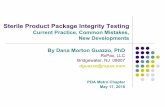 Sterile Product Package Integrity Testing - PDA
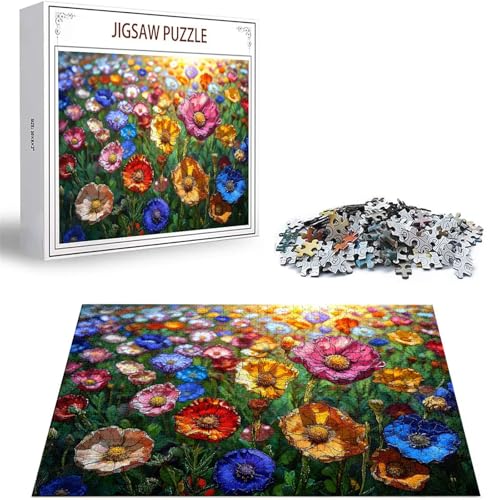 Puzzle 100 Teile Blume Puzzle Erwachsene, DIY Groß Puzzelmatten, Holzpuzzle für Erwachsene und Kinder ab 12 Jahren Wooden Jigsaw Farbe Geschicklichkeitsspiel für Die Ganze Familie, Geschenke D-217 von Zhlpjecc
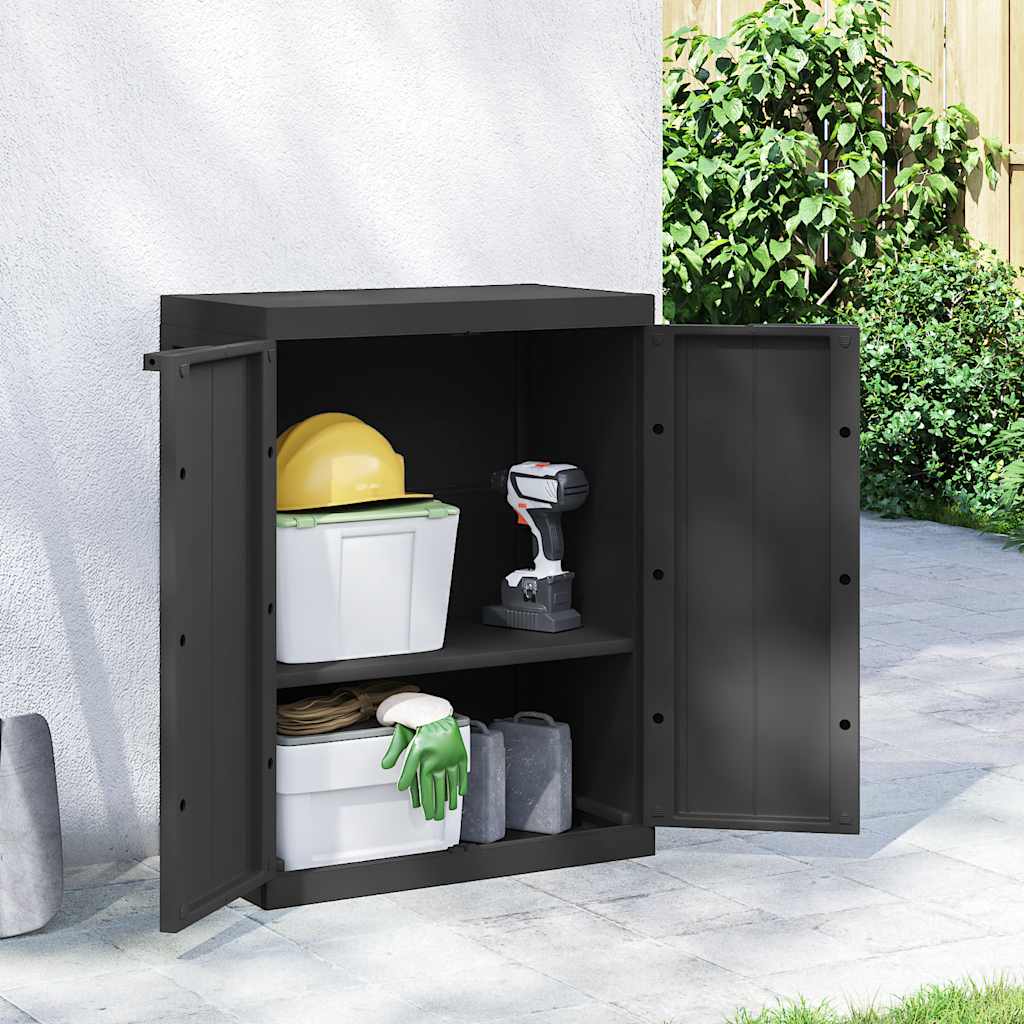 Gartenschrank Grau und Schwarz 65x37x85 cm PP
...
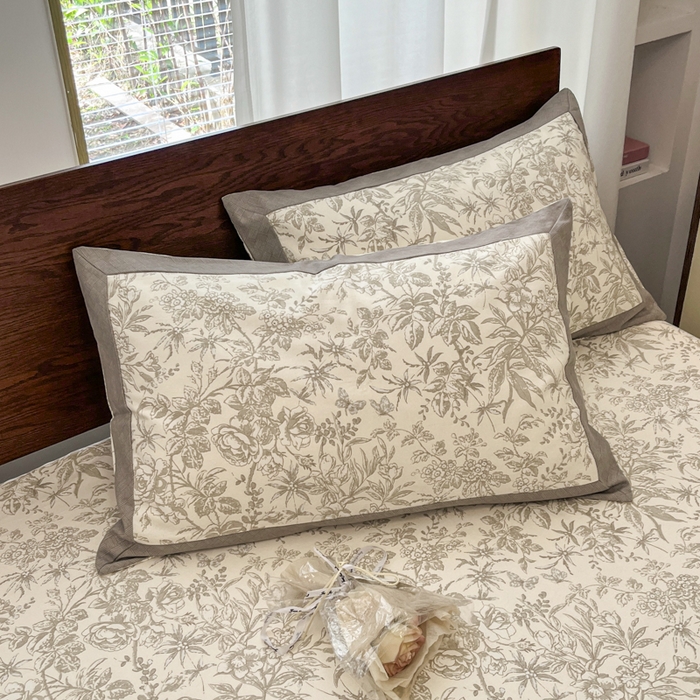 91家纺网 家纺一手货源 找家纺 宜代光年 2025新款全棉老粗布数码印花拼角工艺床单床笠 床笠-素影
==
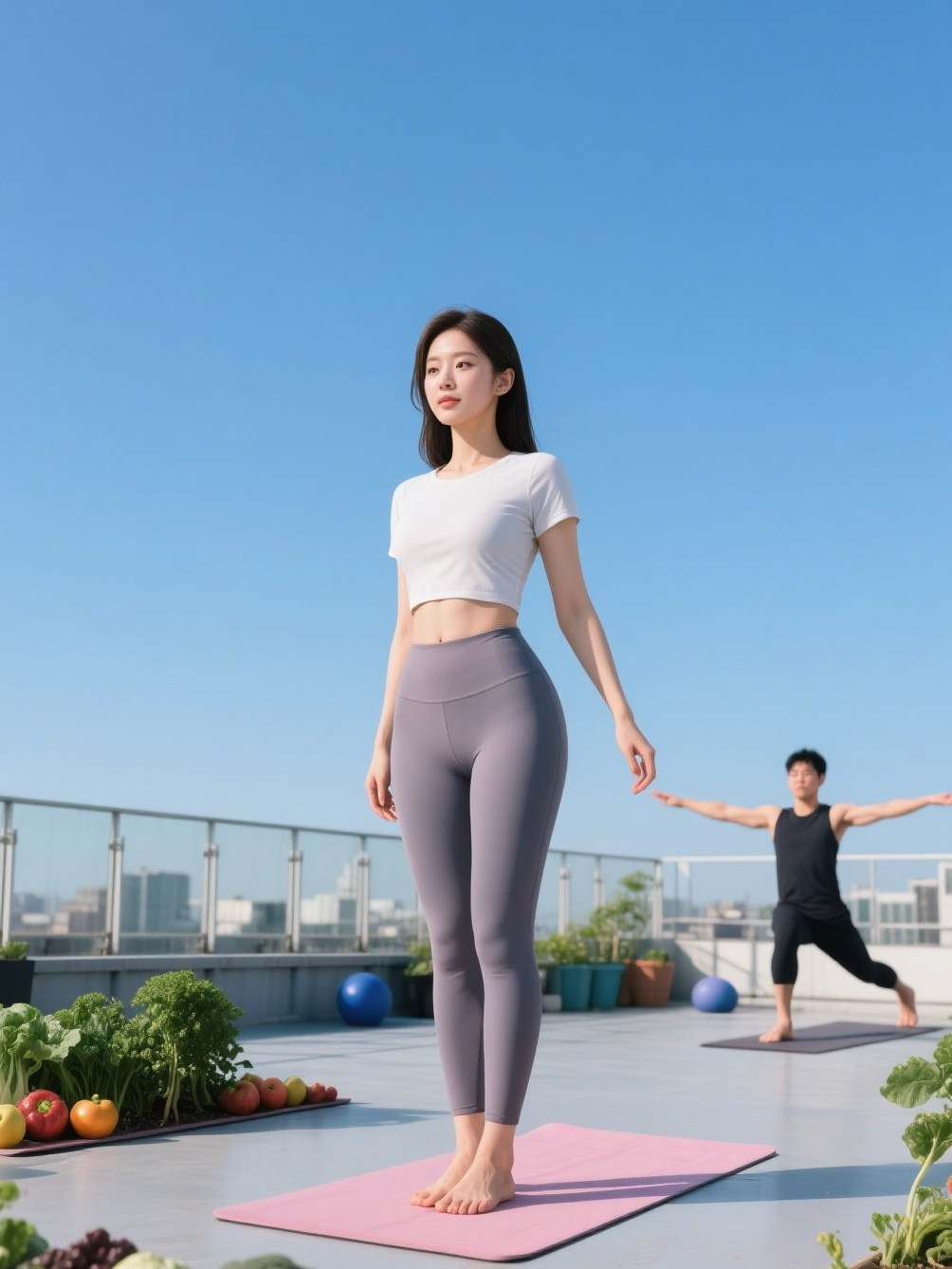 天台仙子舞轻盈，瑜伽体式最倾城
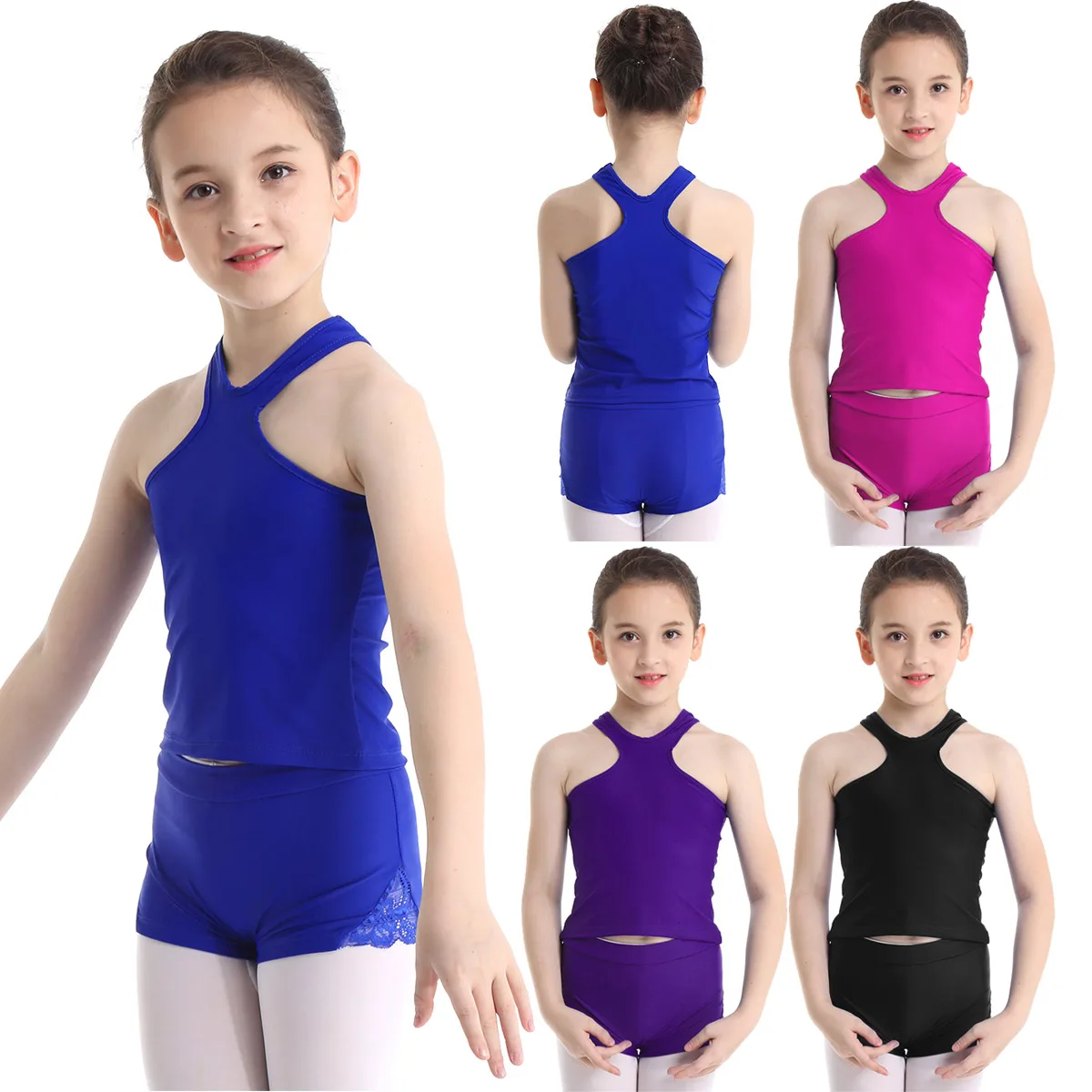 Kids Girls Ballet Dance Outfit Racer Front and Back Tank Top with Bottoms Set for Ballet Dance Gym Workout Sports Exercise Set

**WORK REQUEST**
In the material above, one part opens with the line containing "Sterile Product Package" and closes with the line containing "Gartenschrank Grau und". Write out that part exactly and skip its pictures.

**ANSWER BELOW**
 Sterile Product Package Integrity Testing - PDA
 Puzzle 100 Teile Blume Puzzle Erwachsene, DIY Groß Puzzelmatten, Holzpuzzle für Erwachsene und Kinder ab 12 Jahren Wooden Jigsaw Farbe Geschicklichkeitsspiel für Die Ganze Familie, Geschenke D-217 von Zhlpjecc
 Gartenschrank Grau und Schwarz 65x37x85 cm PP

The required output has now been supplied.